An optimal granularity exists, verifying the balance between "locality + flux."

Ablation Study: Interface Flux vs. P0DG¶

Configuration	PSNR	Params
General Interface Flux	30.86	15.8M
P0DG (Zero-order approx)	30.62	12.3M
No Flux (Pure independent elements)	29.97	14.2M (Blocking artifacts)

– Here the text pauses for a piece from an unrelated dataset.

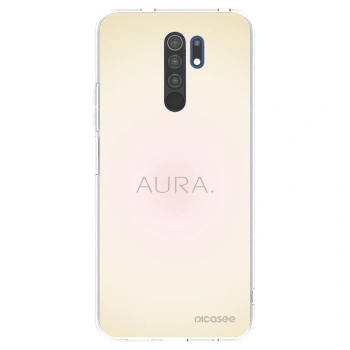 Picasee átlátszó szilikon tok az alábbi mobiltelefonokra Xiaomi Redmi 9 - Aura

P0DG retains most performance with ~22% parameter savings. Purely independent elements produce visible blocking artifacts, proving the necessity of flux.

Key Findings¶

Spatially varying blur is a key bottleneck for pathology SOTA: Methods assuming shift-invariance are significantly outperformed by DGNO.
Sweet spot for element granularity: Elements that are too large lose locality, while those that are too small increase flux overhead and introduce artifacts.
Flux is essential: Removing flux results in learnable but blocked outputs; the DG mathematical structure holds in neural networks.
Physical alignment provides interpretability: Visualizing kernels for each element intuitively shows the direction of blur variation (PSF visualizations are provided in the appendix).

Highlights & Insights¶

First work to introduce DG numerical methods to Neural Operators: Employs mature tools from numerical PDEs (DG) to handle local discontinuous fields that standard NOs cannot.
Physical framing as the true differentiator: Unlike other end-to-end methods, DGNO explicitly formulates defocus as an inverse problem of integral operators, making design choices (local elements + flux) physically traceable.
Structural Inductive Bias via element partitioning: While CNNs rely on translation invariance and local connectivity, DGNO utilizes a "piecewise stable + interface coupled" bias, which is more suitable for pathological images and generalizable to other heterogeneous problems (e.g., remote sensing clouds, multimodal microscopy).
P0DG provides a practical performance sweet spot: A -22% parameter reduction with only -0.24 PSNR loss is favorable for practical deployment.

Limitations & Future Work¶

Element partitioning is currently a fixed grid; adaptive partitioning based on tissue boundaries could further improve performance.
Validation was limited to 2D pathological slides; DGNO extensions for 3D pathological volumes (e.g., confocal stacks) have not been attempted.
The PSF is learned implicitly; joint estimation of PSF and deblurring could be considered.
A rigorous comparison with traditional two-stage methods (PSF estimation + non-blind deconvolution) is missing; physical baselines could be strengthened.
DG involves element discretization; future work could explore "higher-order DG" (hp-refinement) using different basis functions for different elements.

vs. CNN / Transformer / Mamba Deblurring: These methods imply shift-invariance or lack physical structure; DGNO explicitly models spatially varying integral operators.
vs. FNO / SRNO (Global NO): These assume kernel smoothness and cannot handle local discontinuities; DGNO achieves local representation through element partitioning.
vs. DG Numerical Methods: DG is used in numerical PDE solutions (fluids, electromagnetics); this work represents its first systematic application within Neural Operators.
Insight: Numerical PDE discretization schemes (FEM, DG, HHO, etc.) can serve as a library of inductive biases for Neural Operators. This strategy of "borrowing math-physics tools" can be extended to all scenarios requiring operator learning.

Rating¶

Novelty: ⭐⭐⭐⭐⭐ First DG-NO; introducing numerical PDE discretization to NO for discontinuous fields is a truly new direction.
Experimental Thoroughness: ⭐⭐⭐⭐ Main results and ablations are complete; lacks 3D pathology validation.
Writing Quality: ⭐⭐⭐⭐ Derivations from physics to math to neural networks are clear; Fig 2 explains the DG concept intuitively.
Value: ⭐⭐⭐⭐ Pathology image quality directly impacts diagnosis; deblurring is a high-value task; the DG-NO concept is highly generalizable.